It’s been a pleasure to work with folks from Woodview Community Association, Chiswick House and Latimer Gardens. We also worked with local people at St Lukes community centre and Kerria Court to gather a rich bank of vivid memories of life in this historic part of Birmingham – in the back-to-back houses, as well as in the short-lived Lee Bank and Woodview Estates. You can hear some of these reminiscences as audio soundtrack to our project films.
We explored new ways of bringing history to life with students at Birmingham Metropolitan College. Our small team worked hard, took risks, learned new skills and produced wonderful work, discovering, researching, acting, drawing, and singing.
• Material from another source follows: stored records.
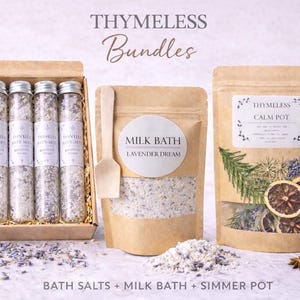 May include: A set of four glass tubes filled with bath salts in a cardboard box, a pouch labeled Milk Bath Lavender Dream with a wooden scoop, and a pouch labeled Calm Pot containing dried citrus slices, herbs, and star anise, with loose lavender.
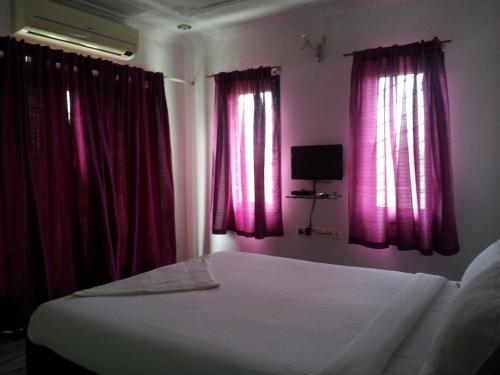 a bedroom with pink curtains and a bed and a television at Roshini Serviced Apartments in Chennai
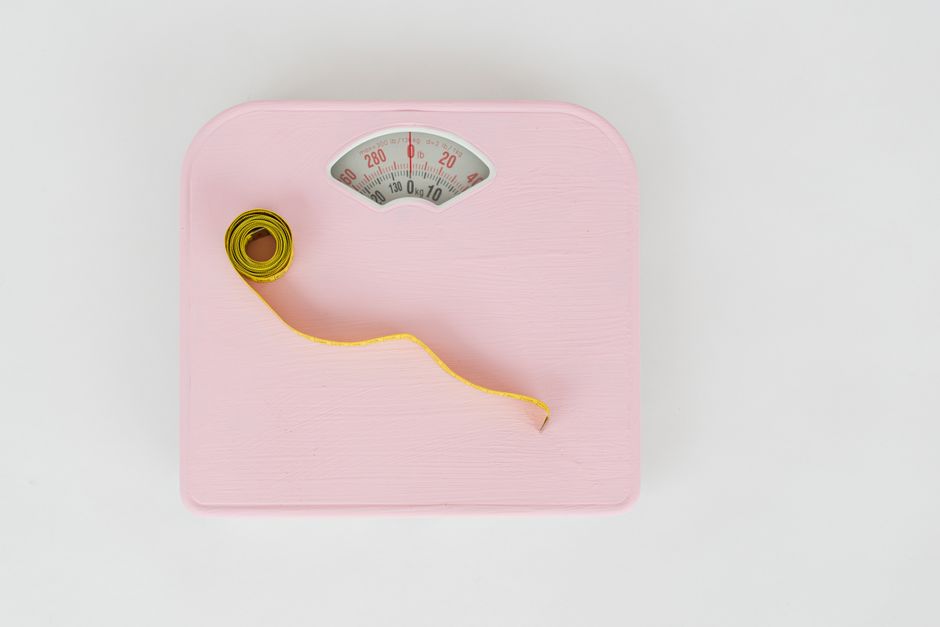 Top view of floor scales for weight control and measuring tape for controlling body shapes on white background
They were filmed by Martin McNally of Reel Access.
Working with the team at the city’s Archive Service, we researched local residents including anti-slavery campaigner Joseph Sturge, who lived on Wheeley’s Road, artist Joseph Southall, the Cadbury brothers as well as local suffragettes. Lots more at www.connectinghistories.org.uk
We spent a fascinating and memorable afternoon at the Archive just before it closed in preparation for the move to the new Library of Birmingham. Sadly, icy pavements meant that some participants couldn’t join us for the trip. Archive staff had selected historic photographs, documents, maps and legal documents to explore.
We read Memory, a poem by Constance Naden, a Victorian poet who lived on Charlotte Road, and used it to spark reminiscence. Here you can read the collective poem we wrote in response as well as the original poem, Memory by Constance Naden.
And textile artist Sam Green ran workshops to make ‘history bunting’, reproducing archive photos to make celebratory bunting for the launch event.